High Level Maintenance

Having received a grant from English Heritage (Listed Places of Worship Scheme, Taylor Pilot Review) work has commenced to remove the vegetation from the masonry at the top of the buttresses on both the north and south elevations. The work will prevent further damp ingress which has been clearly visible on the inside of the nave for several years. Although dry for the last few days it is rather exposed 40 feet up on the scaffold platform. Continue reading “High Level Maintenance”

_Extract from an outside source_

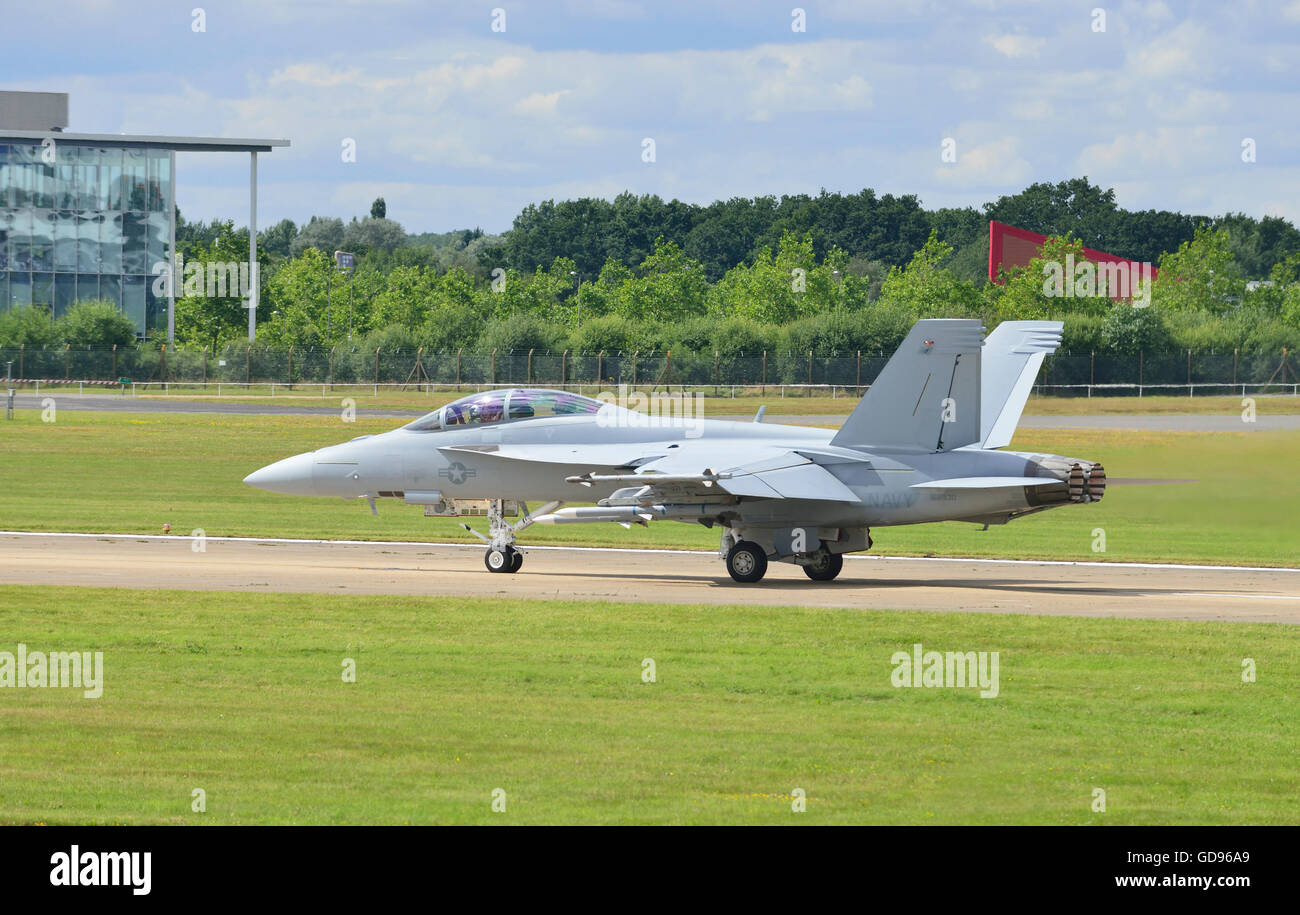 Farnborough, Hampshire, UK. 14th July, 2016. 4 th Day of the Farnborough International Trade Airshow.  USAF Boeing F/A-18 Hornet about to  take off. Stock Photo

Edgar Wood Rooms are off the At Risk Register

ThatsTV (Manchester’s local TV on freeview channel 7 or 8) broadcast the news item that the Edgar Wood Rooms, formally the Long St. Methodist Church School rooms, have been removed from the Historic England ‘Heritage at Risk Register’. This is great news!

The Arts & Crafts Church on the opposite side of the garden is still at risk, however. So the work continues!

Pictured is Peter Barlow from English Heritage being interviewed.

A Busy Week

HODs finished on Sunday and on Monday morning and Tuesday it was the turn of two year 2 class groups from Elmwood Junior school to visit. They were being street detectives (looking at building styles) and learning about one of Middleton’s important people, Edgar Wood.

This was followed on Thursday when we hosted Middleton Archaeological Society and their guest speaker, Professor Robert Poole, speaking on Peterloo 1819-2019. An enlightening and informative lecture not to be missed.

Now the dark nights are drawing in it is necessary to get outside illumination installed and thanks go to Justin for giving up his day off work to fit a corner light, a ‘busman’s holiday’ for Justin, who worked through the continual rain on Friday.

 

Heritage Open Days at Long Street Methodist Church, Middleton M24 5UE

Visit the Arts & Craft’s Church free of charge at  Heritage Open Days!Open on the following days in September…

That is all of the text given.